But on Thursday, The Guardian reported, based on multiple sources, that Chua herself had informed Yale Law students that it was "not an accident" Kavanaugh tended to select female law clerks who "looked like models" and she offered them beauty tips to land clerkships with him. (Yale is investigating, and Chua has denied the report.)
Here we have a guy who is credibly accused of sexual assault, loves to coach young female athletes, and reportedly hires only beautiful women to clerk for him. It doesn't exactly stretch credulity to conclude that he is, at the very minimum, not someone you would leave your daughter around. But shockingly, that is exactly what Chua was preparing to do before he was nominated, by her own admission, in the form of a judicial clerkship.
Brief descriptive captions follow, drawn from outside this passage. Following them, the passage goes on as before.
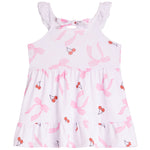 Cherry & Bow Crochet Trim Tiered Dress - Denny's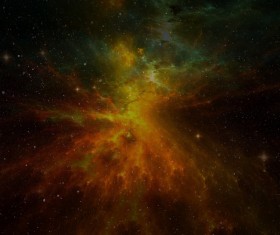 Fantasy beautiful space nebula Stock Photo 02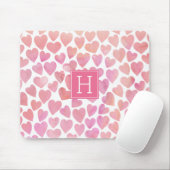 Pink Watercolor Herzmuster Mousepad (Mit Mouse)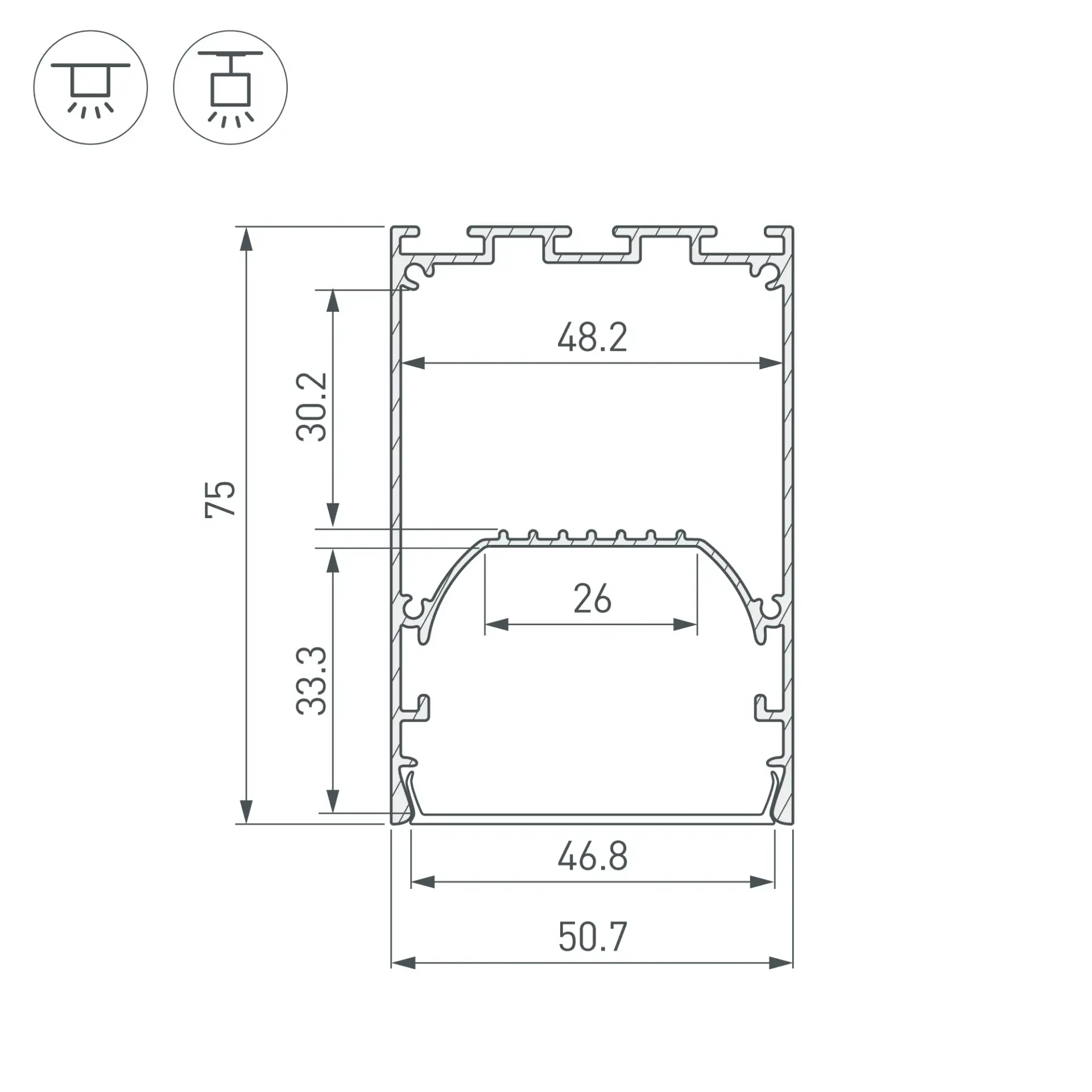 Профиль LINE-S-5075-2500 ANOD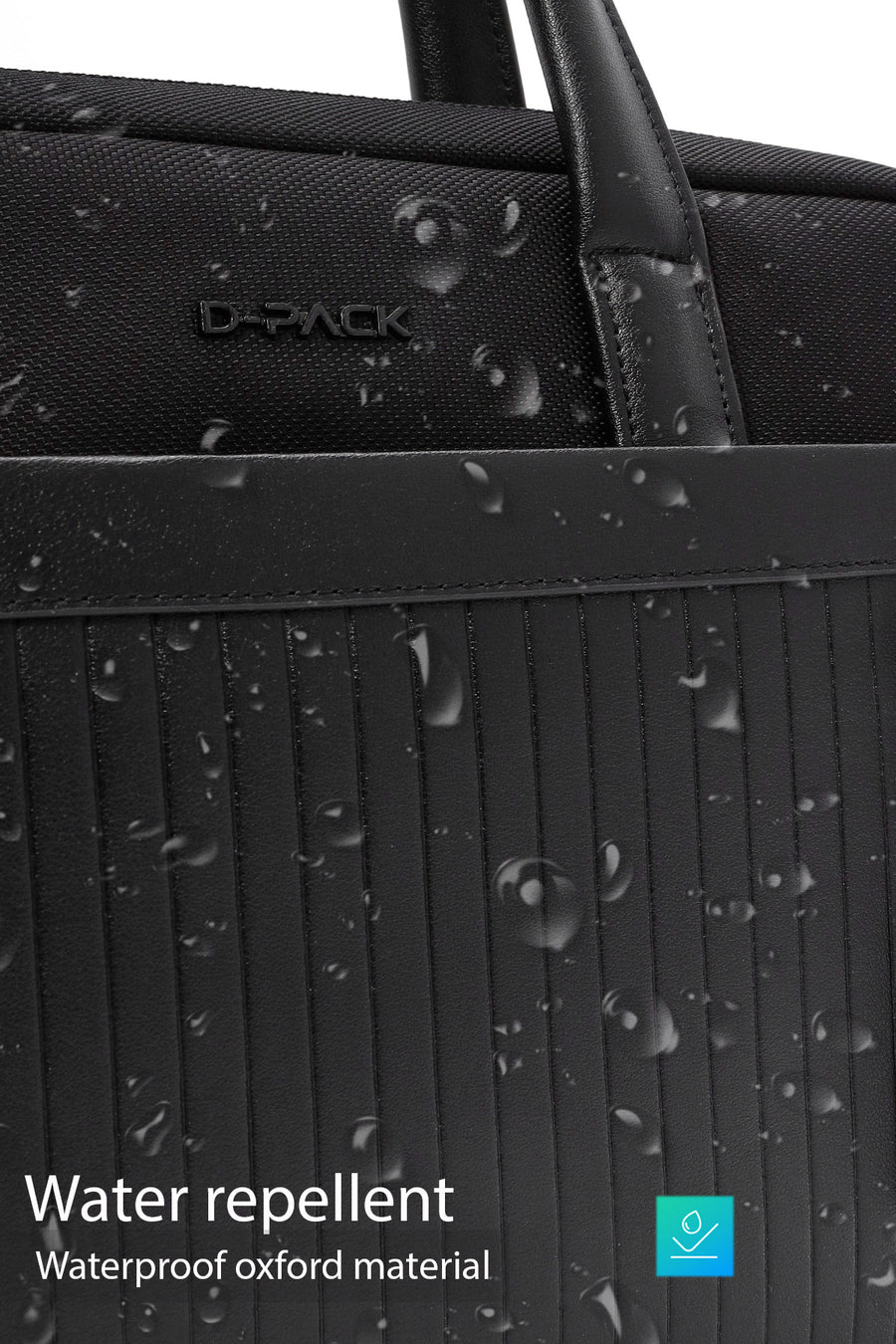 D-Pack Men's Black Long Strap Fabric Briefcase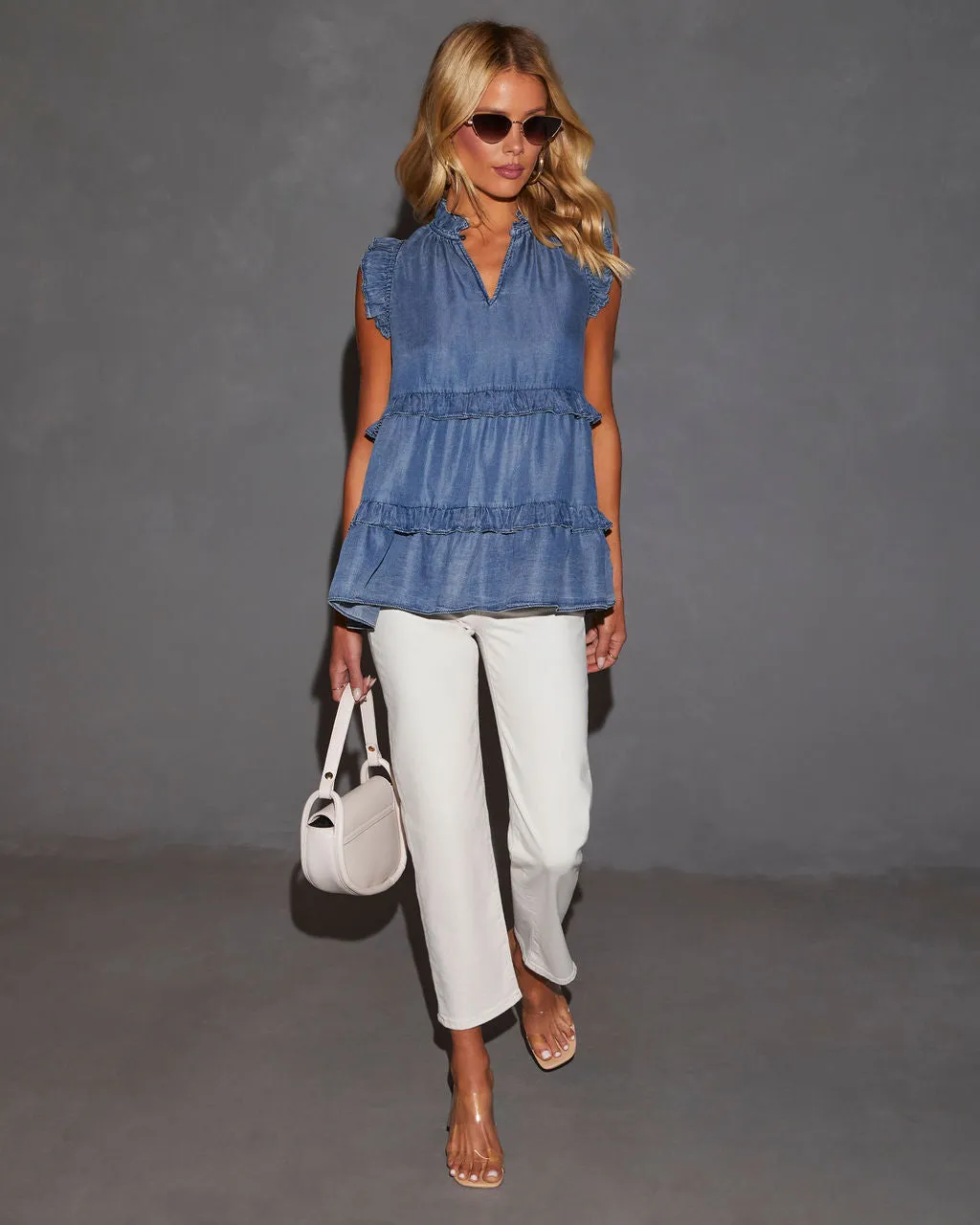 Nicole Chambray Ruffle Sleeveless Tiered Tunic sold by Vici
As Zach Carter argues, the American aristocracy works by automatically bolstering the success and power of people who went to the right schools (most notably Harvard, Yale, and Princeton) and know the right people (generally any of those schools' alumni in positions of power) and by automatically protecting them from consequences from wrongdoing. Its "highest pleasure is the knowledge shared among its members that they live above democratic accountability, that their words and deeds are not constrained by the broader political community the way the words and deeds of mere citizens can be," he writes.
Concretely, this means that in the pinch, elites like Chua will swear up and down that one of someone's gravest moral failings is in fact one of his greatest strengths, with the implicit promise that he will continue to be a source of favors and patronage for her. The benefit for aristocrats is the knowledge that — contrary to Chua's book about raising genius children by forcing them to work like indentured servants — power and success will be handed to them on a silver platter. Thus her ridiculous defense of Kavanaugh: She serves as a duplicitous character witness and he gives her daughter a clerkship.
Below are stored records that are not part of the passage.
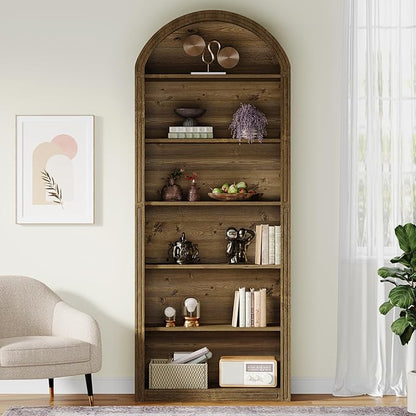 Tribesigns 77.16" Tall Arched Bookshelf, 6-Tier White Arched Bookcase with Storage Shelves for Living Room, Bedroom, Set of 2 (Brown, 6-Tier)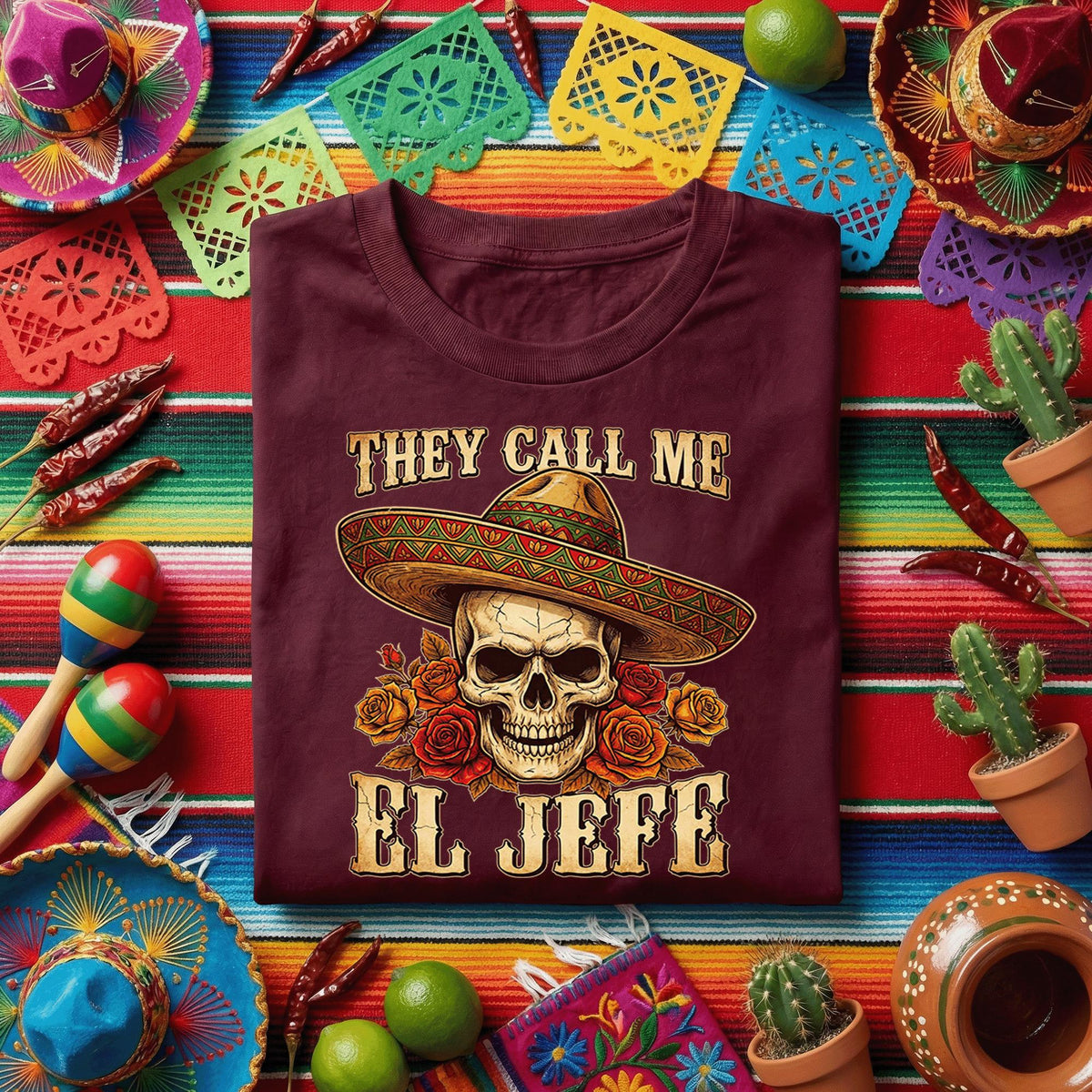 They Call Me El Jefe Skull Shirt Funny Cinco De Mayo Shirt, Mexican Skull Sombrero Shirt, Day of the Dead Fiesta Tee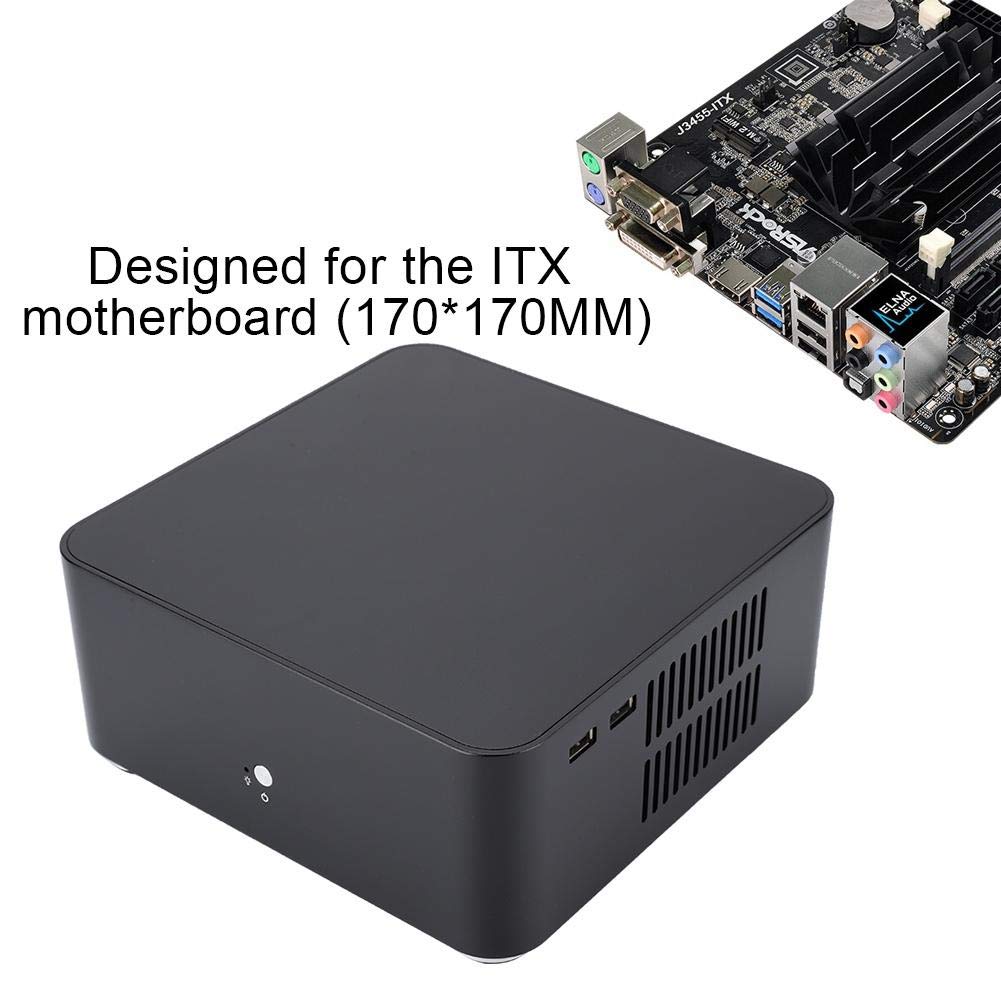 L80 Mini-ITX PC Gaming Case - Compact Aluminum Computer Case for ITX Motherboard (170x170mm) | HTPC & Gaming Builds | Black with USB 2.0 | Perfect for Small Spaces & Home Theater Setups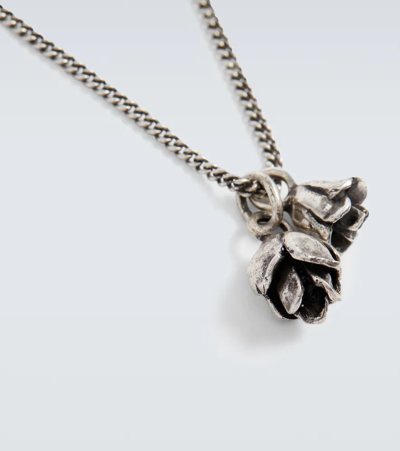 Shop Saint Laurent Rose Pendant Necklace In Argent Oxide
But that benefit comes at a price. People victimized by unaccountable, predatory elites are often outsiders, but not always. A bad fraternity, for instance, creates a culture of aristocratic impunity by forcing each new set of recruits to go through hazing rituals, just like the English boarding schools of old. Chua's daughter no doubt would have gotten valuable career connections at a Kavanaugh clerkship that would have paid off handsomely in the long run. But, if The Guardian report is true, she would also have to serve as eye candy for a creepy old man. A huge power differential coupled to zero accountability means that even rising aristocrats have to prostrate themselves before their superiors and indulge their worst impulses.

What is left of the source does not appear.